Material for the task -
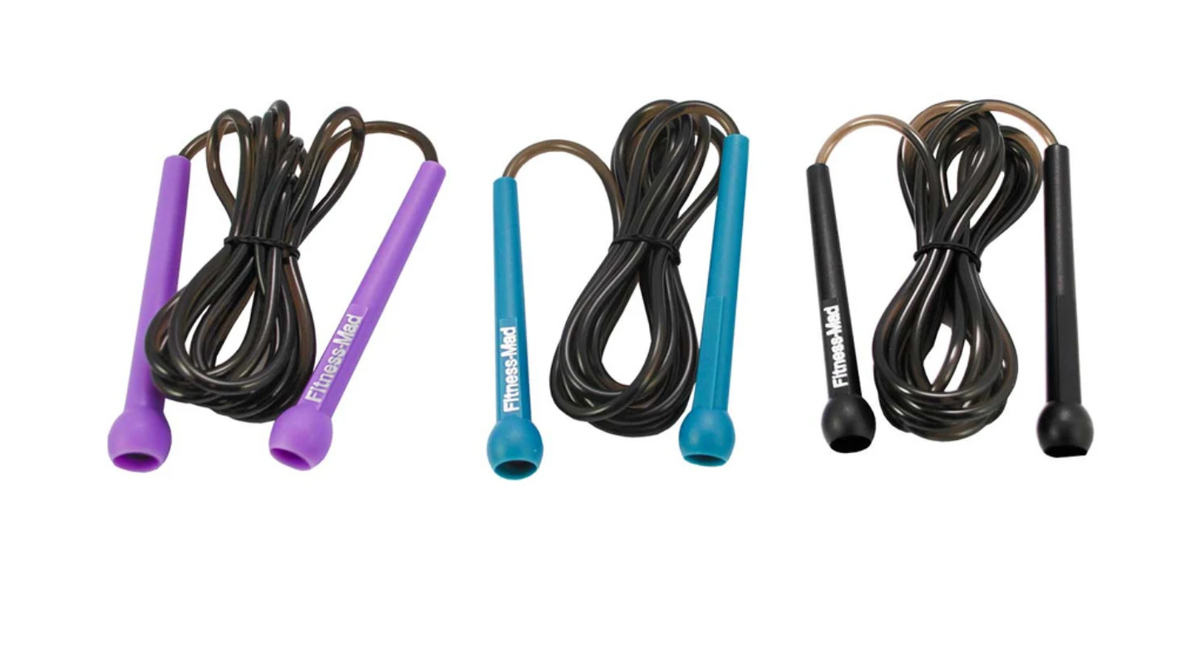 Fitness Mad FM Speed Rope 8 FT (FSKIP8 Purple) (Under 5'4) Skipping Rope Fitness Mad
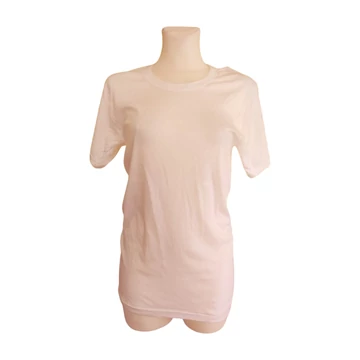 Fehér feliratos női pamut póló (méret: XL)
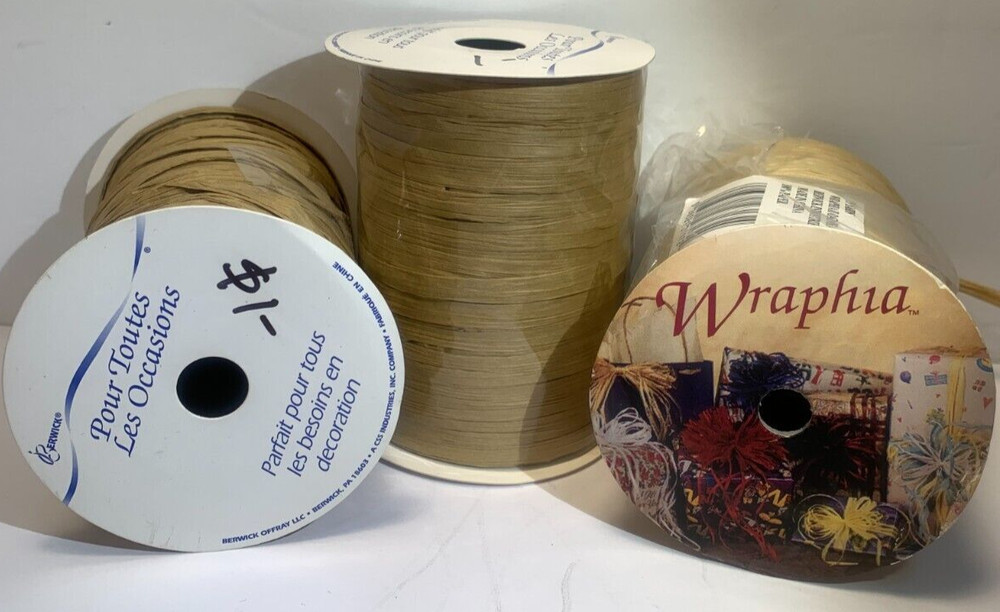 Rafia Ribbon, partial rolls,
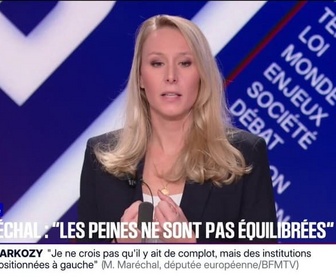 Replay BFM Politique - Condamnation de Nicolas Sarkozy: Je suis pour l'interdiction de la syndicalisation des magistrats, explique Marion Maréchal, députée européenne
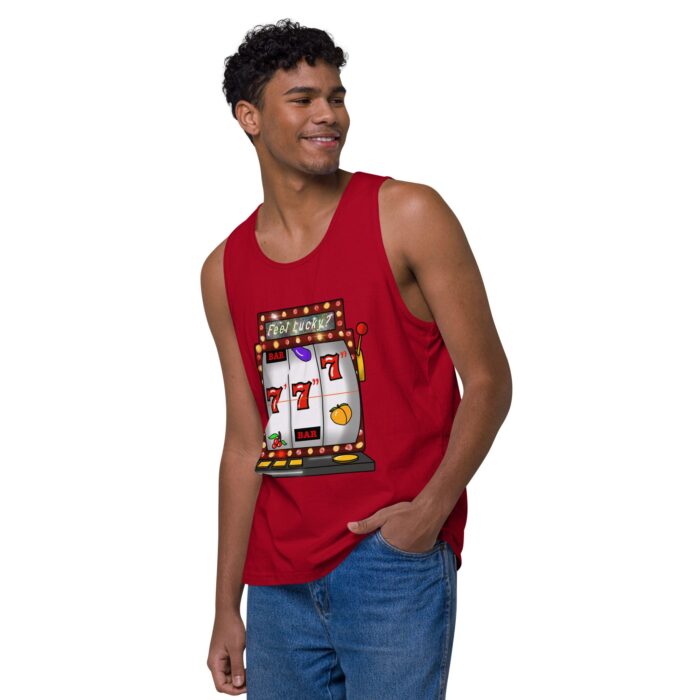 Men’s premium tank top - Lucky Seven Inches - Image 12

Exercise prompt - Repeat the material above verbatim, with no pictures in the output.

Exercise solution -
 Fitness Mad FM Speed Rope 8 FT (FSKIP8 Purple) (Under 5'4) Skipping Rope Fitness Mad
 Fehér feliratos női pamut póló (méret: XL)
 Rafia Ribbon, partial rolls,
 Replay BFM Politique - Condamnation de Nicolas Sarkozy: Je suis pour l'interdiction de la syndicalisation des magistrats, explique Marion Maréchal, députée européenne
 Men’s premium tank top - Lucky Seven Inches - Image 12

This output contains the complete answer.